## Problem description:
All lines in the records below from the line with "The start of" through the line with "Hello guys. In" are to be given again exactly, both ends included; the pictures are to be left out.

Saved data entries

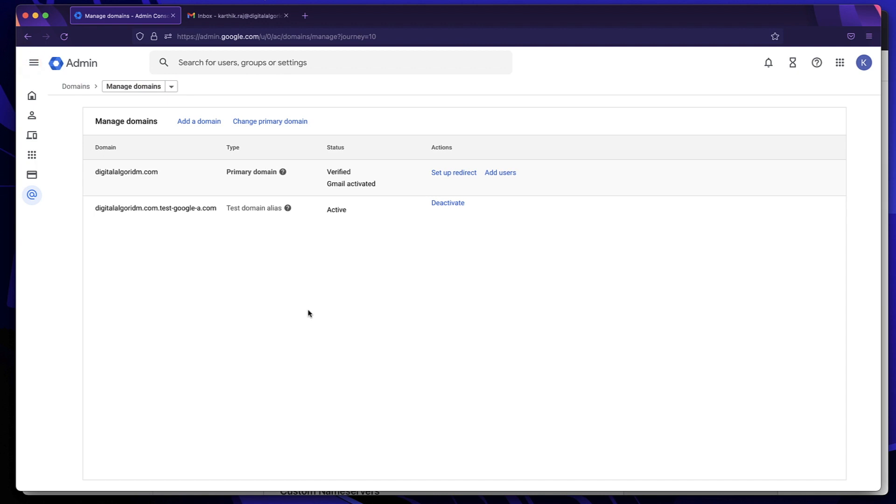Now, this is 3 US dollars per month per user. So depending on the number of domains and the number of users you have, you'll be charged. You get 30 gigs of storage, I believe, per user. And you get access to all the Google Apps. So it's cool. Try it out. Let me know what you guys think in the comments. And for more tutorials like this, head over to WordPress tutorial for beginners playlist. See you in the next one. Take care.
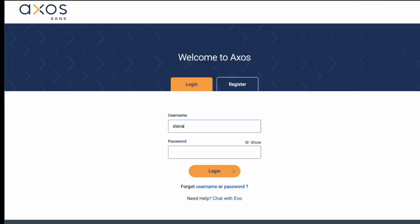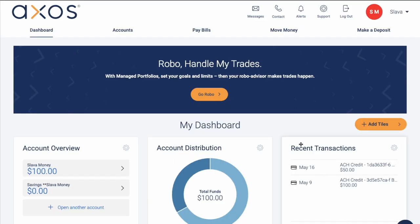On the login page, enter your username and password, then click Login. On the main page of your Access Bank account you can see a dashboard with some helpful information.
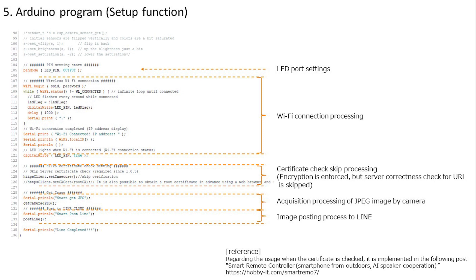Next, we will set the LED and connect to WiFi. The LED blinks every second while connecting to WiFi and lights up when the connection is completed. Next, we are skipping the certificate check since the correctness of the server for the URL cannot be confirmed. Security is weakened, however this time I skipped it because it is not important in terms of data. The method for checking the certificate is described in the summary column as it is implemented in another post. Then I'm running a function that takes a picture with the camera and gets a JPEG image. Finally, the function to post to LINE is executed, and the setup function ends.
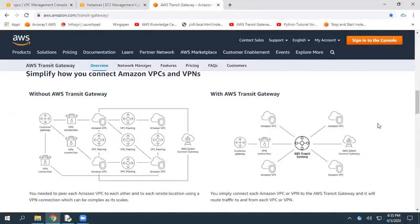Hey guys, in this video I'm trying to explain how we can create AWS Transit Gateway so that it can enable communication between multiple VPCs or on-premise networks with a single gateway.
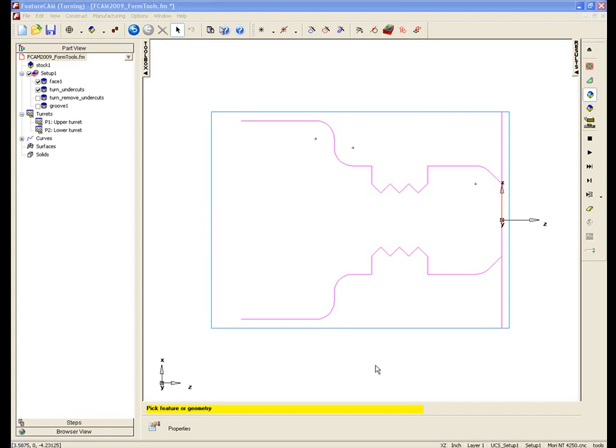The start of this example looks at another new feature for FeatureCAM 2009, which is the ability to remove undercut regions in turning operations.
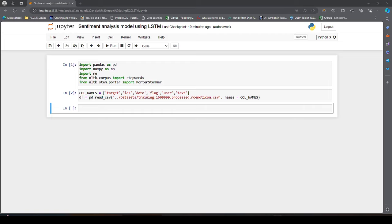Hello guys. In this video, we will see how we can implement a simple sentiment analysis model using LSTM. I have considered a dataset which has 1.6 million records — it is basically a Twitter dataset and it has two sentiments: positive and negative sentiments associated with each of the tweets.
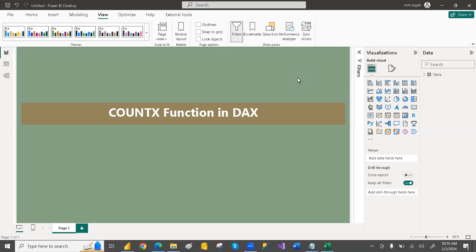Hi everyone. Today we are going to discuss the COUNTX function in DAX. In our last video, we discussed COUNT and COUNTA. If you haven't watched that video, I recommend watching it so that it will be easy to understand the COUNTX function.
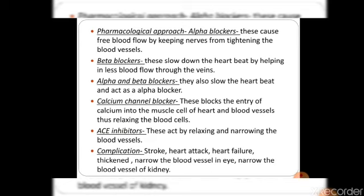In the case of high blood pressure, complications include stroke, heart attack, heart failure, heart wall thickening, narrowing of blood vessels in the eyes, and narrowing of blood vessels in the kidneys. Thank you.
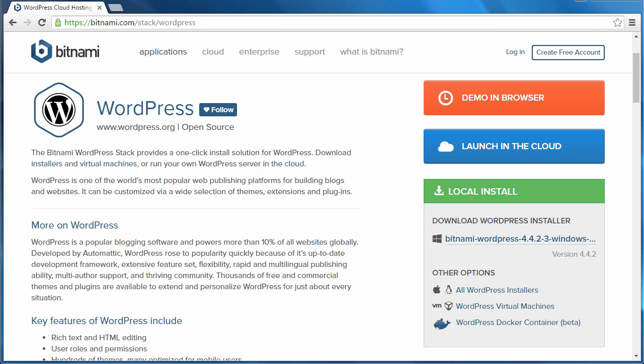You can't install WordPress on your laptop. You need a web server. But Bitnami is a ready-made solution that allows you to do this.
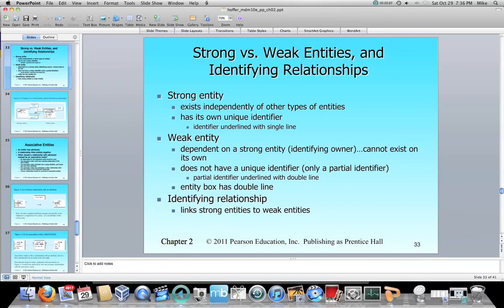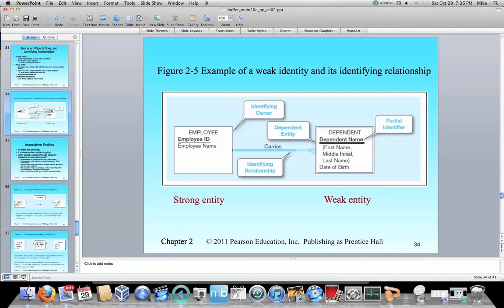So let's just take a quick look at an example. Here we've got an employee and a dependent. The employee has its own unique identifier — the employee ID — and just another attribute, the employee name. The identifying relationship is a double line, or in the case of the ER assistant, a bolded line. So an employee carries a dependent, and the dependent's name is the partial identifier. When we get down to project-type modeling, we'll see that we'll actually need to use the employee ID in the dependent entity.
* * *
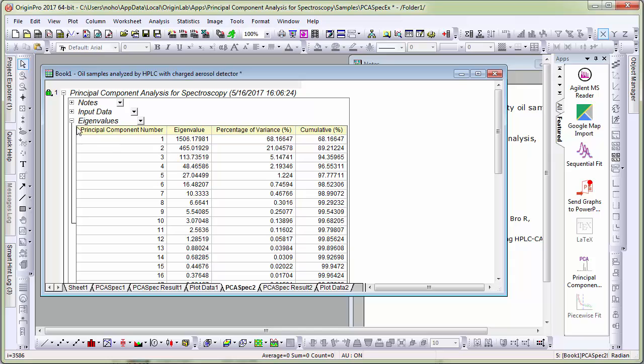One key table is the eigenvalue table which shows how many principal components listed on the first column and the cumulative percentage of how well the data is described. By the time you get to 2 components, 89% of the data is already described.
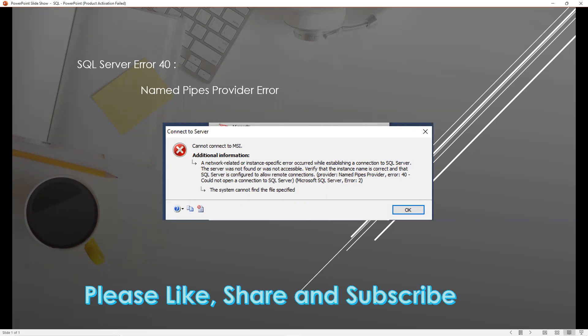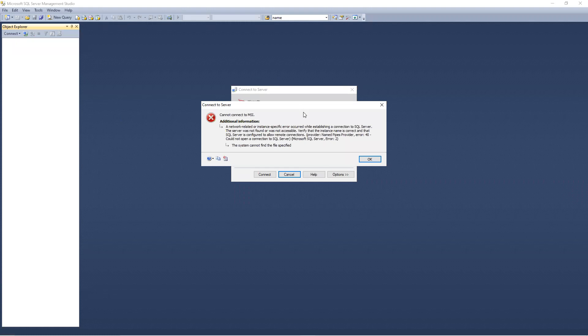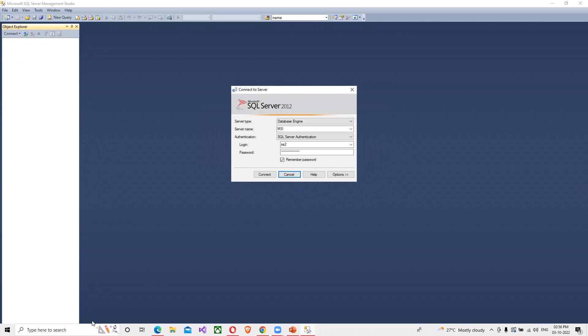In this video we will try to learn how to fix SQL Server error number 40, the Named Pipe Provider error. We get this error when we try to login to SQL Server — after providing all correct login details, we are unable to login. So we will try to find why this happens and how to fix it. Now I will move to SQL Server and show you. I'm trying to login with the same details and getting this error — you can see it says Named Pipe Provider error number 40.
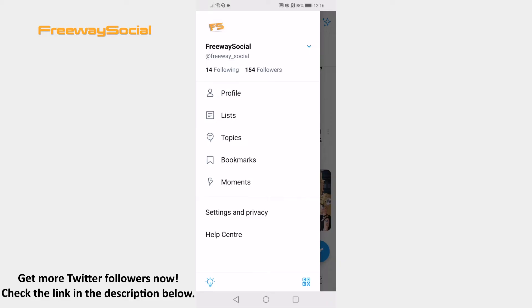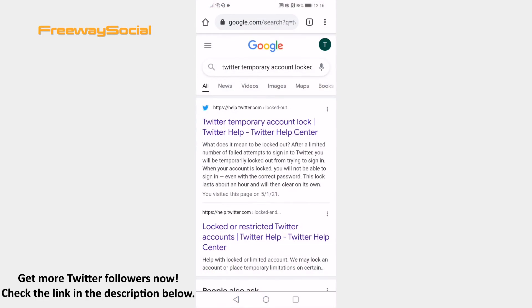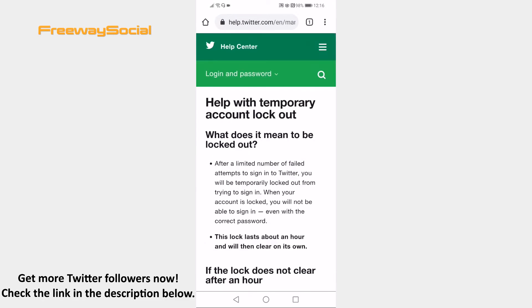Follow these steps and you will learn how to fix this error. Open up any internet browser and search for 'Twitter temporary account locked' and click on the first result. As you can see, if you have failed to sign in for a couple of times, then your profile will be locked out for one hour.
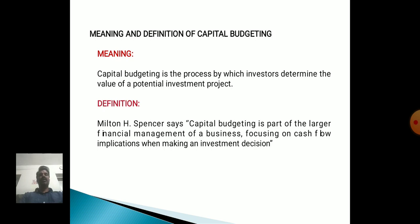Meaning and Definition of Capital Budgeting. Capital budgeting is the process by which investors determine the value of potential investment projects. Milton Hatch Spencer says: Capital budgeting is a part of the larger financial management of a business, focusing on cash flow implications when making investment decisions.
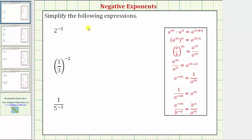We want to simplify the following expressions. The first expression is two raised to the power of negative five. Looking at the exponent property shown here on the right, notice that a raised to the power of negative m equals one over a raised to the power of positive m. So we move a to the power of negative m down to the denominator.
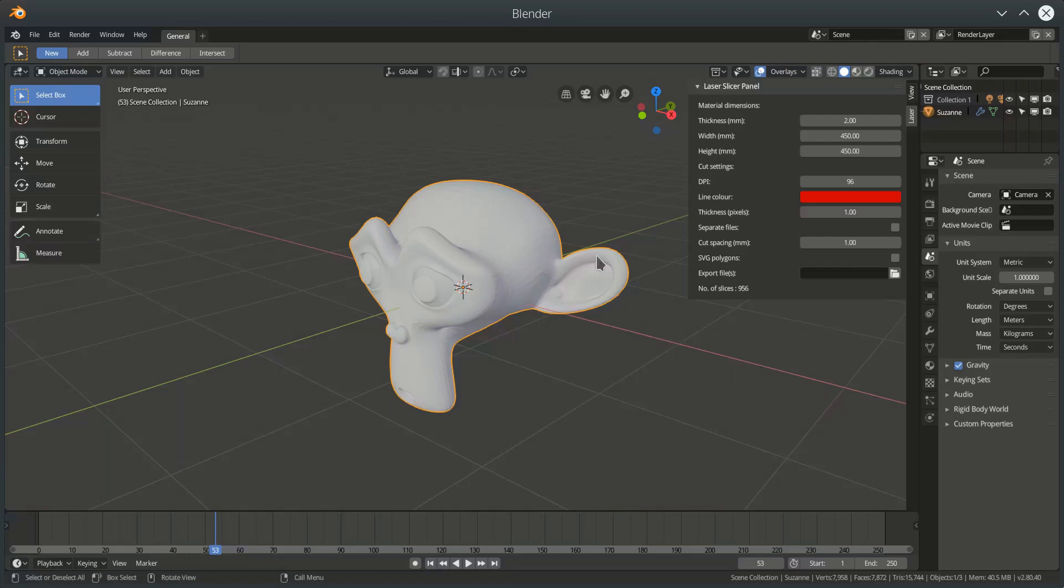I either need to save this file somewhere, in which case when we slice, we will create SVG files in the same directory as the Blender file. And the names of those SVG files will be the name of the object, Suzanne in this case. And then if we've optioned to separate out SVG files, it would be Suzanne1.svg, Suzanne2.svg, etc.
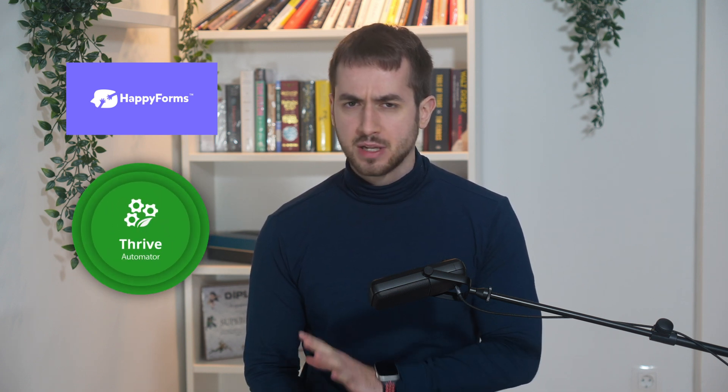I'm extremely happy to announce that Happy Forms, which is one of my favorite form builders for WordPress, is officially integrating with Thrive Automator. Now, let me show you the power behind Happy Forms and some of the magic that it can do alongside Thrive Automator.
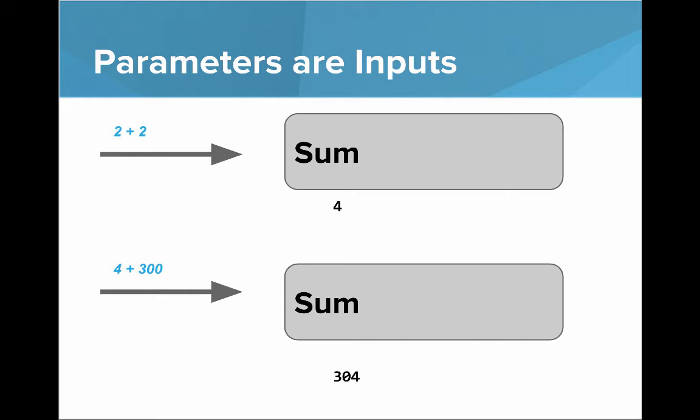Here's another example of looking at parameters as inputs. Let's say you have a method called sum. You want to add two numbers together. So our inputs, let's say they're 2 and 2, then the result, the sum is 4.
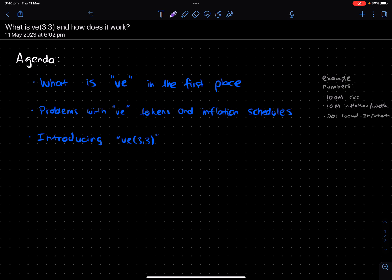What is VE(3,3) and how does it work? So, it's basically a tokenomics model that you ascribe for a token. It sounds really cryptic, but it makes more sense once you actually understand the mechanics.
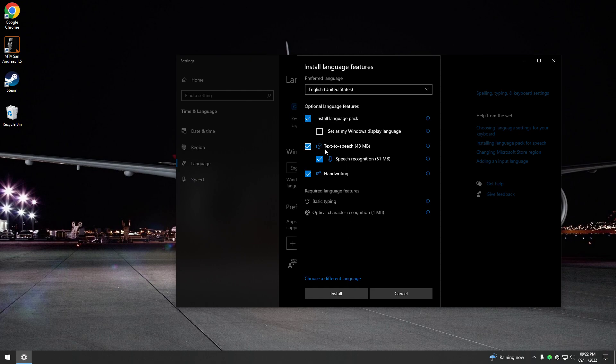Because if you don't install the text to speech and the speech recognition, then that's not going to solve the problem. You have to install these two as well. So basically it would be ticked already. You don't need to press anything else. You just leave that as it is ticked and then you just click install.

## Answer for this exercise:
The start of this example looks at another new feature for FeatureCAM 2009, which is the ability to remove undercut regions in turning operations.
Hello guys. In this video, we will see how we can implement a simple sentiment analysis model using LSTM. I have considered a dataset which has 1.6 million records — it is basically a Twitter dataset and it has two sentiments: positive and negative sentiments associated with each of the tweets.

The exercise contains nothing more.